$c{\lvert}{\rvert}x{\lvert}{\rvert}_\infty \le {\lvert}{\rvert}x{\lvert}{\rvert}_2 \le C{\lvert}{\rvert}x{\lvert}{\rvert}_\infty$

inequalitylinear algebranormed-spaces

I have come across this question in my linear algebra class:

Show that $\forall x \in \mathbb{C}^m. c{\lvert}{\rvert}x{\lvert}{\rvert}_\infty \le {\lvert}{\rvert}x{\lvert}{\rvert}_2 \le C{\lvert}{\rvert}x{\lvert}{\rvert}_\infty$, specifically with $c=1$ and $C=\sqrt m$

I honestly have no clue how to proceed from here. All I can write is

$\max\limits_{1 \le i \le m}\left| x_i \right| \le \left( \sum\limits_{i=1}^m \left| x_i\right|^2 \right)^\frac{1}{2} \le \sqrt m\max\limits_{1 \le i \le m}\left| x_i \right|$

I don't know if I should suppose $x=(x_1,x_2,…,x_m)$ and do some magic or what.
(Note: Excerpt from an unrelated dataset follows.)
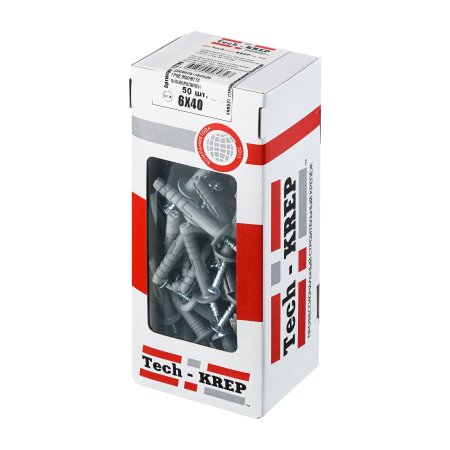 Дюбель распорный 6х40 мм 50 шт полипропиленовый с грибовидным бортиком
I know that $\sqrt{x^2}+\sqrt{y^2} \gt \sqrt{x^2+y^2}$ should go into it somehow, but I don't know how.

Best Answer

You know what you want to prove : it is that for all $x = (x_1,...,x_m)\in \mathbb C^m$, we have: $$ \max_{1 \leq i \leq m} |x_i| \leq \left(\sum_{i=1}^m |x_i|^2\right)^{\frac 12} \leq \sqrt m \max_{1 \leq i \leq m} |x_i| $$


You have to prove this statement, from the statements that you already know are true, and some definitions.

Let us try to do the first one.

For the first one, we note that $|x_i| \geq 0$ for all $i$, by definition of the absolute value. Consequently, let us fix $1 \leq I \leq m$, then $|x_I|^2 \leq \sum_{i=1}^m |x_i|^2$, since the right hand side is $|x_I|^2$ plus something non-negative. By taking square roots (and noting that (positive) square roots preserve inequality) we get $|x_I| \leq \left(\sum_{i=1}^M |x_i|^2\right)^{\frac 12}$.

Now , the point is that we can choose any $I$ above that we want , since the choice of $I$ did not affect the calculation. Take $I$ such that $|x_I| = \max_{1 \leq i \leq m} |x_i|$,and then the conclusion follows.


For the second one, note that for each $I$ we have $|x_I| \leq \max_{1 \leq i \leq m} |x_i|$, so we get $\sum_{i=1}^m |x_i|^2 \leq m \times (\max_{1 \leq i \leq m} |x_i|)^2$ by applying the inequality for each $|x_I|$ and then summing separately. Now look above at the second inequality, and see how it is similar to the statement I have just written. Can you work out the second inequality from here?